Friday Finds in the Irish countryside

Emi, Maxi and I have been busy catching up with my parents this week, going around all our old haunts and doing some serious amounts of chillaxing ... does that word even exist?

This is our village, Aughnacloy, set amidst the rolling, green hills of South Tyrone:


It's a pretty little corner of the world with lots of lakes and rivers, all teeming with wildlife.


The weather hasn't been all blue skies and sunshine, but, hey, there's a reason why Ireland is such a green and verdant place ... . 


My mum has an old-fashioned cottage garden with beds of hardy perennials, and a vegetable patch that always seems to have something edible in it whatever the time of the year. She grows a drill of sweet peas in with the vegetables, just like my grandparents used to do. Here are this year's plants:


I so wish that I could blog a scratch card to give you a whiff of their wonderful fragrance; they are simply divine. We entertain ourselves arranging them in vases to spread their fabulous smell throughout the house. It's such an evocative scent. Wherever I am, the smell sweet pea instantly transports me back to Aughnacloy in the summertime. 

In July the garden is a kaleidoscope of colour set against the vivid green backdrop of the fields all around.


And there are lots of other perks that go with living in such an out-of-the-way place. There's no one looking over the garden fence to notice that you're riding up and down on a too-small bike with a HUGE motorbike helmet on. If you fancy taking a spin, you can go right ahead and throw caution to the wind - unless, of course, your mum's around to take photographs and show the world ... . Oh, and please, nobody tell his friends that it's a pink bike.


When we come over here we do lots of long country walks, dogs at our heels, and our heads bent together as we shoot the breeze.

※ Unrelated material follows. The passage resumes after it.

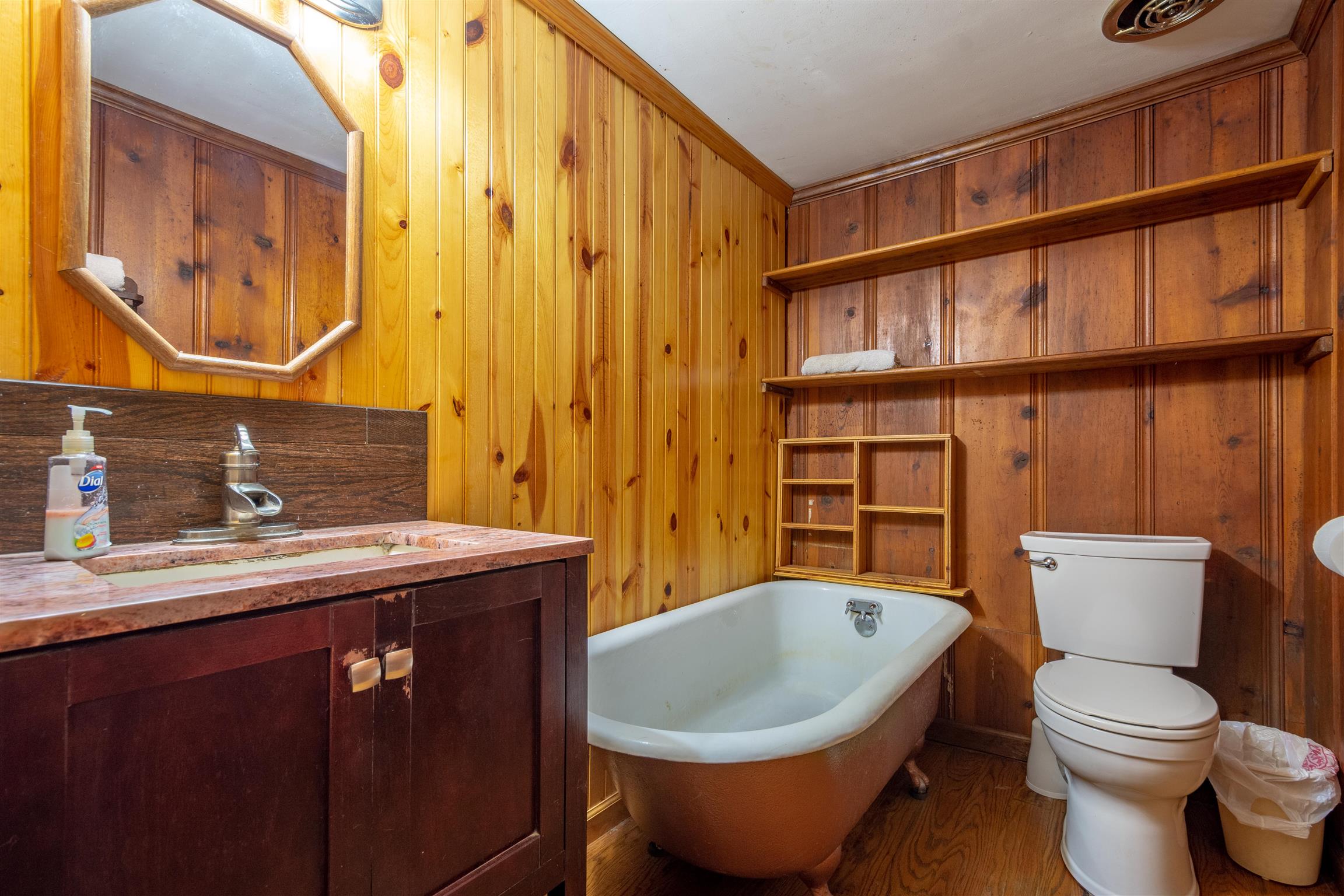 1080 Johnson Branch Road Pulaski, TN 38478 - Photo 17 of 30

In Celtic mythology the lakes, the rivers and the sea shore were important: this meeting of the land with the water was believed to be a special place from which it was possible to access the world of the spirits. And for my part I've always found the lakes especially magical. Maybe it's some sort of inherited sense of awe and respect that's come down the generations from my early ancestors. Whatever the way of it there's an hour, just before twilight, when the last sunbeams of the day sink through the leaves on the wooded banks leaving a gentle dappled light dancing over the water when it's easy to believe you've arrived at the gateway to some other ethereal side.


At this time of the year we have loads of wild flowers in the hedgerows.

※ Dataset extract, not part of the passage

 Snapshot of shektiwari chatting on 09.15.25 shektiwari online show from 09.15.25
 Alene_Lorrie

And, whilst we're feasting on wild strawberries and raspberries, we have the prospect of the blackberries and the hazelnuts that are soon to come. With the warm, early spring we seem to be on course for a bumper harvest this year.

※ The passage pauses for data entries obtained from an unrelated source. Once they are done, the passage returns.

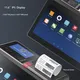 Touch Screen Display Manufacturer EN Wholesale - LUXURING 7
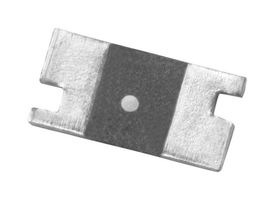 VISHAY FOIL RESISTORS Y14870R01000B9R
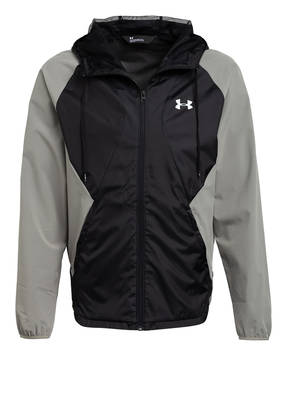 UNDER ARMOUR Hybrid-Jacke UA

So there they are: some Friday Finds that are really very ordinary, but at the same time quite extraordinary because they are so commonplace. It's a fabulous country where ordinary people like us can stumble upon such beautiful things on our doorsteps without having to make any effort or spend any money to find them. They're there, within reach of anyone who will take the time to see them.


Anyway here's to the simple pleasures in life and a great weekend!

All the best,

Bonny x

As shared on Friday Finds


Wednesday 16 July 2014

J is for ... juicy July ...

Emi and I have come home to visit my parents in Ulster, where he's getting a first class education in the fine art of foraging for raspberries. They grow wild in the forests over here: lovely, sweet, succulent raspberries.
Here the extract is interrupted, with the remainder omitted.